◆ Problem details:
All lines from the one containing "Kitchen sink with" down to the one containing "Bărbat aerisind caloriferul", both ends included, are to be given again exactly; omit the rest of the listing below.

◆ Records for this task:
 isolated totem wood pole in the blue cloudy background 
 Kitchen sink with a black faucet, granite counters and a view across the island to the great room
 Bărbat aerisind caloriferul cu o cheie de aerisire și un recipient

---

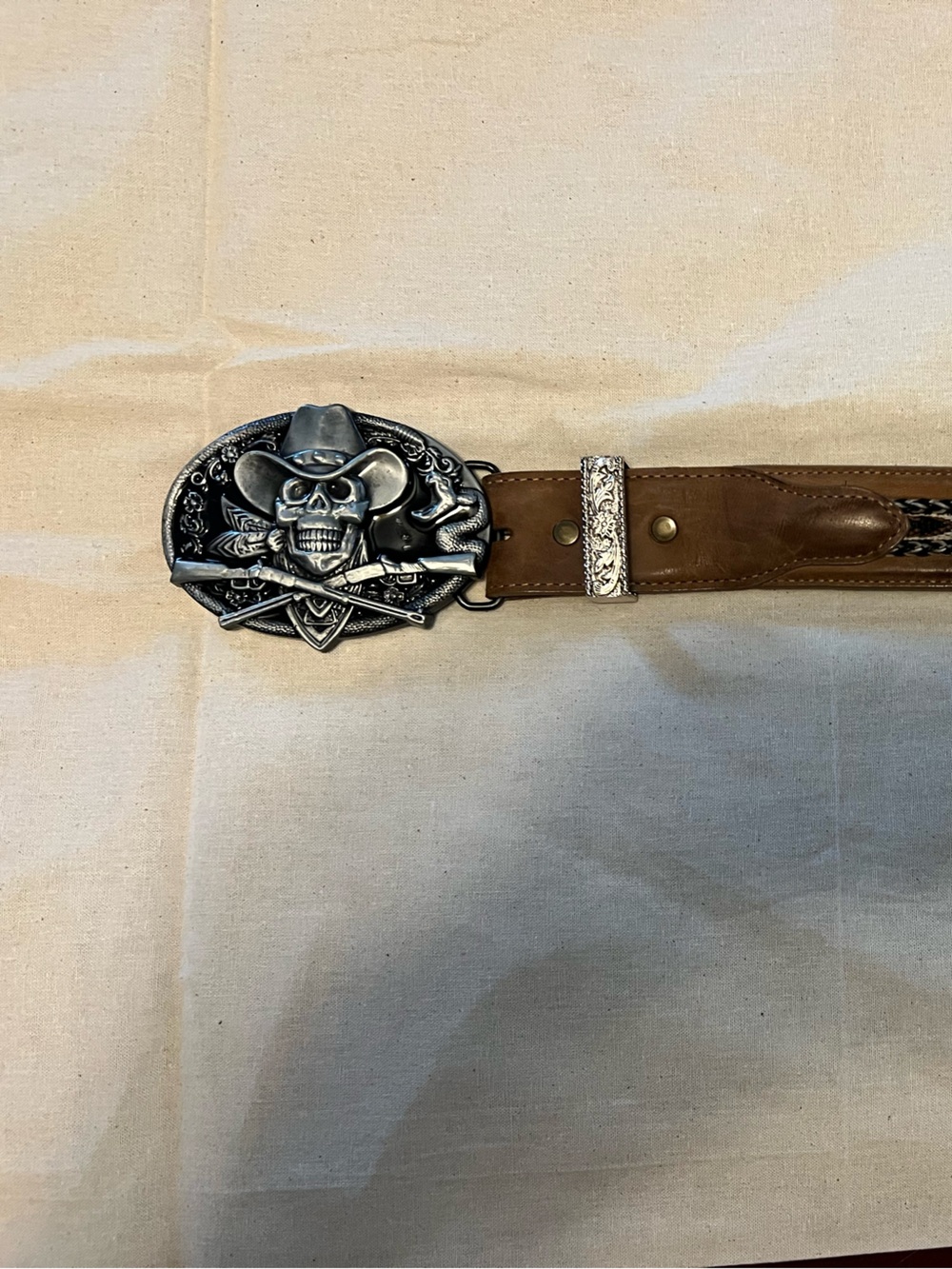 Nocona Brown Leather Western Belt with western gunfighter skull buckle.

◆ Solution below:
 Kitchen sink with a black faucet, granite counters and a view across the island to the great room
 Bărbat aerisind caloriferul cu o cheie de aerisire și un recipient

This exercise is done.